*Prompt*. Look below for the line containing "Trung thu về tại Office Saigon 2019" and the line containing "Salzburg City: private", then set down both and every line between them exactly, without pictures.

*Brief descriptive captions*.
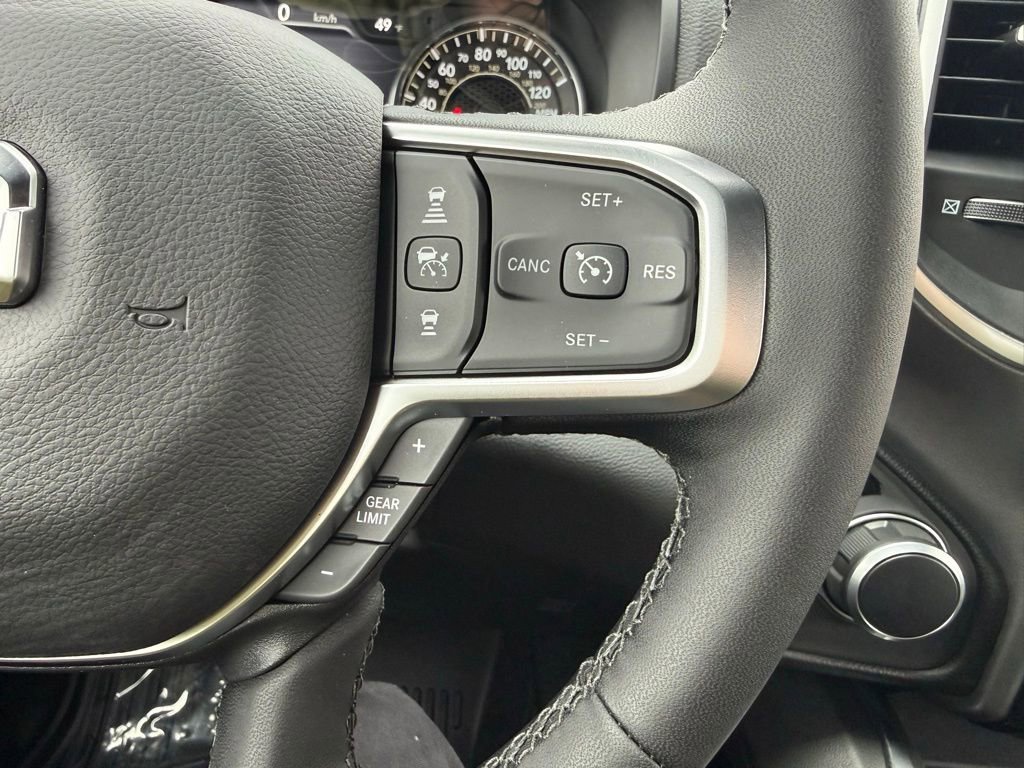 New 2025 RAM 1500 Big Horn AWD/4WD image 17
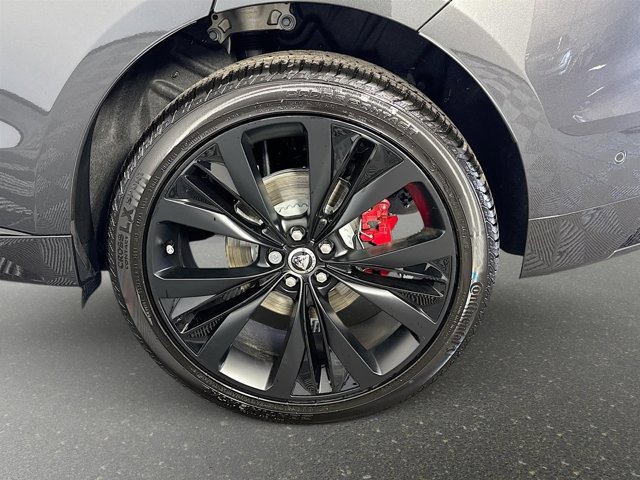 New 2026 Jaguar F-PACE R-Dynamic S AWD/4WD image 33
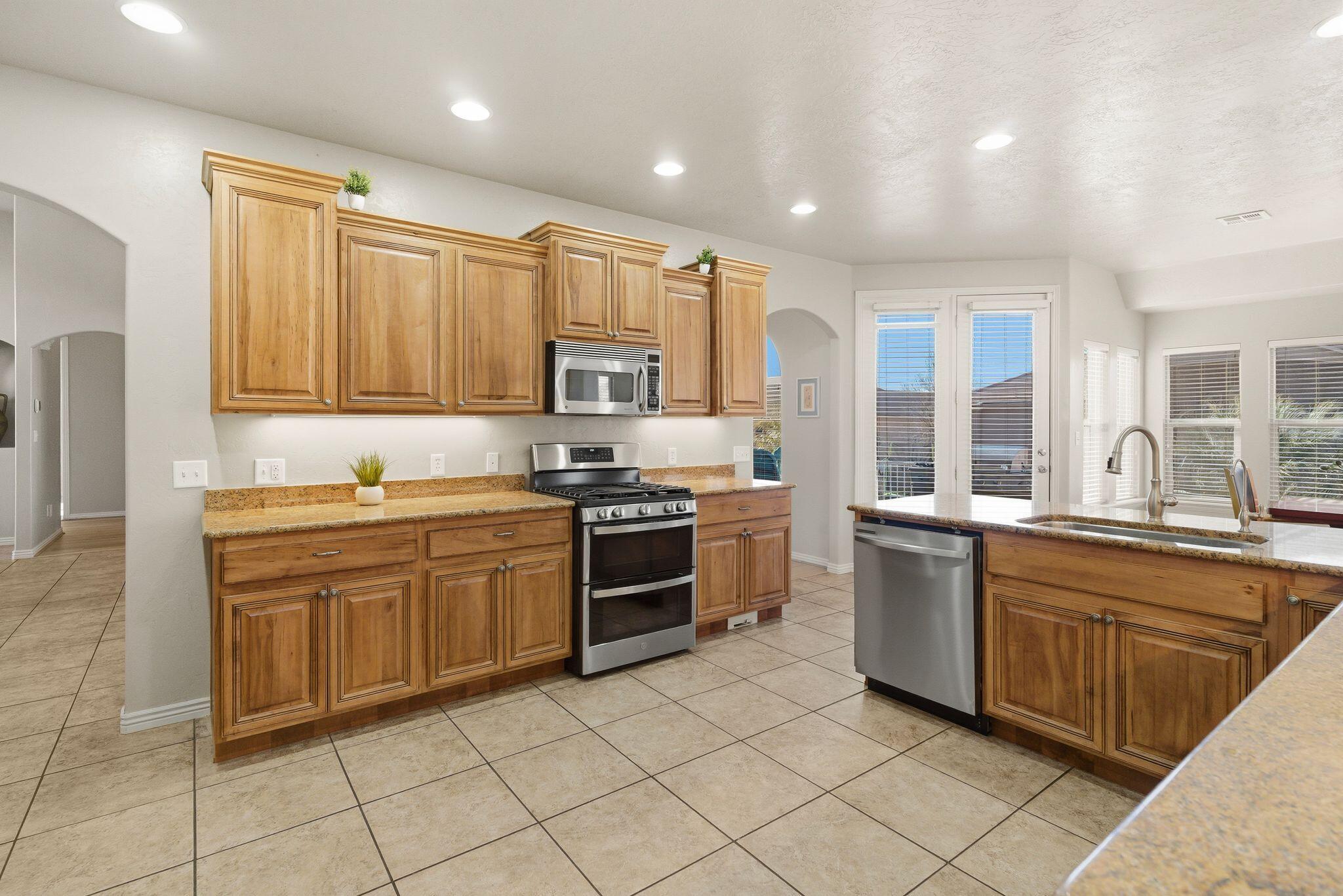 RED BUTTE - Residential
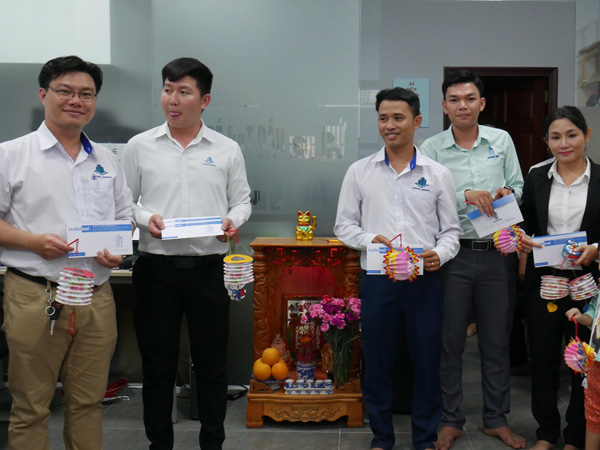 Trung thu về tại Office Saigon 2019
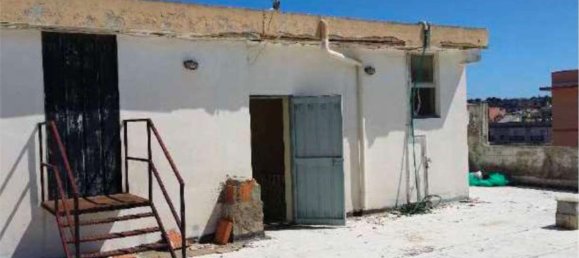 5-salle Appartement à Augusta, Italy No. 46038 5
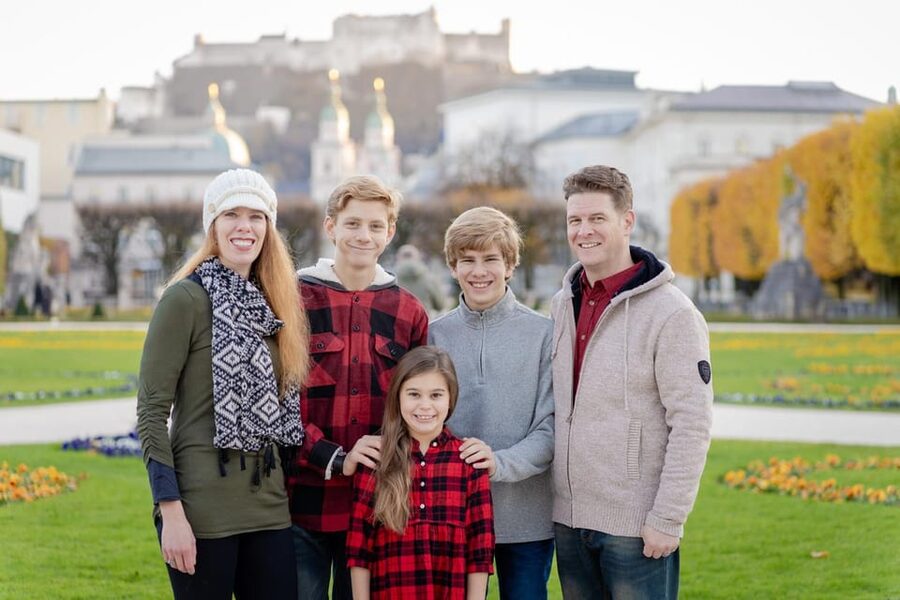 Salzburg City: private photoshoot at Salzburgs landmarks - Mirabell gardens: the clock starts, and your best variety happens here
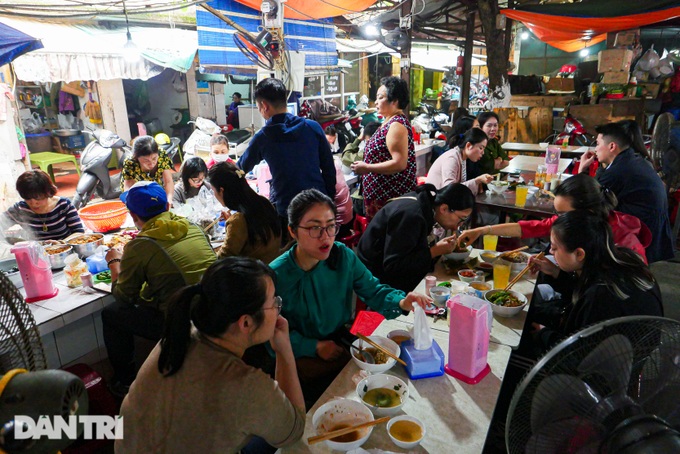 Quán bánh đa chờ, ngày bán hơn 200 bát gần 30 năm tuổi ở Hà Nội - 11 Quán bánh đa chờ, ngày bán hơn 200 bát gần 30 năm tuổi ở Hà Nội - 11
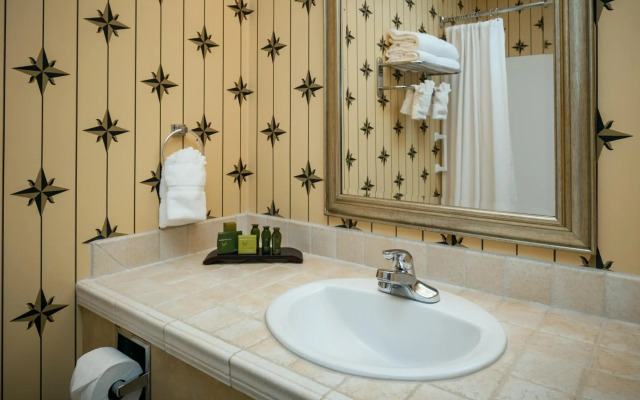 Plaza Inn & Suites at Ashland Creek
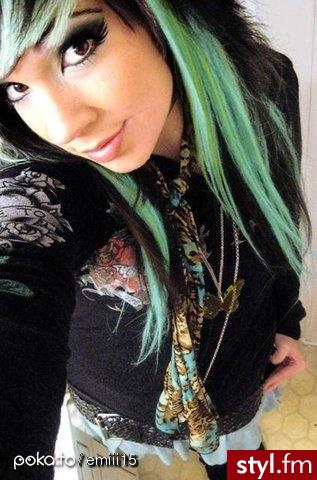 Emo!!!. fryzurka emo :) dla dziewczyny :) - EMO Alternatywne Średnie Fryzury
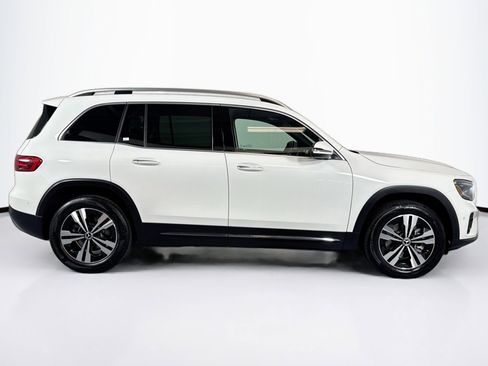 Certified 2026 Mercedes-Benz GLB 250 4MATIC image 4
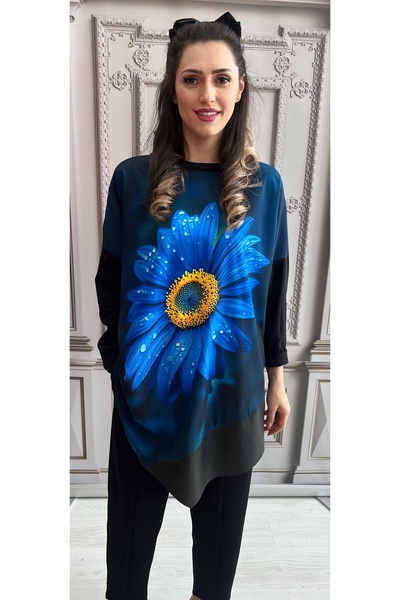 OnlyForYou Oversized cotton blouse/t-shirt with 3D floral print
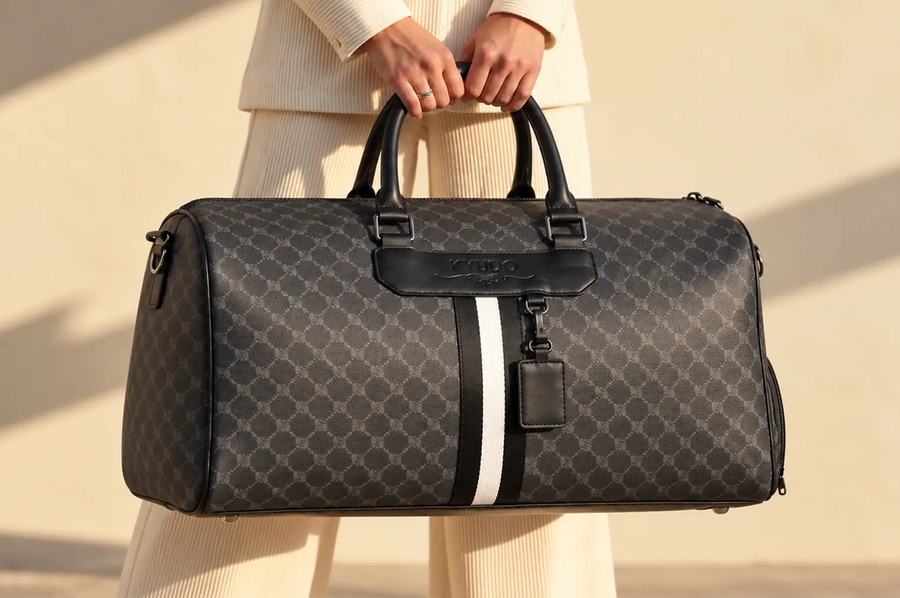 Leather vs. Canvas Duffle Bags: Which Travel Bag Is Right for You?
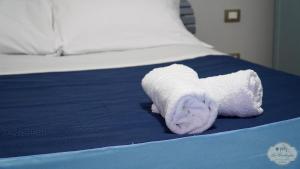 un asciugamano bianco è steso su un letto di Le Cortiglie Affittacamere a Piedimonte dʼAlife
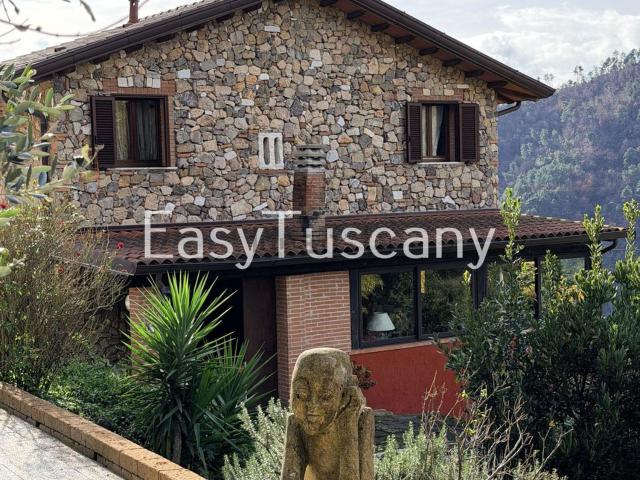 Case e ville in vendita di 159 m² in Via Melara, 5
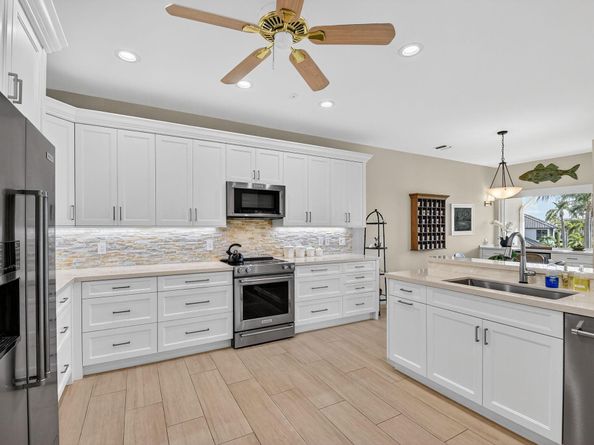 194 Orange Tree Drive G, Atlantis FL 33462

*Answer to the problem*.
 Trung thu về tại Office Saigon 2019
 5-salle Appartement à Augusta, Italy No. 46038 5
 Salzburg City: private photoshoot at Salzburgs landmarks - Mirabell gardens: the clock starts, and your best variety happens here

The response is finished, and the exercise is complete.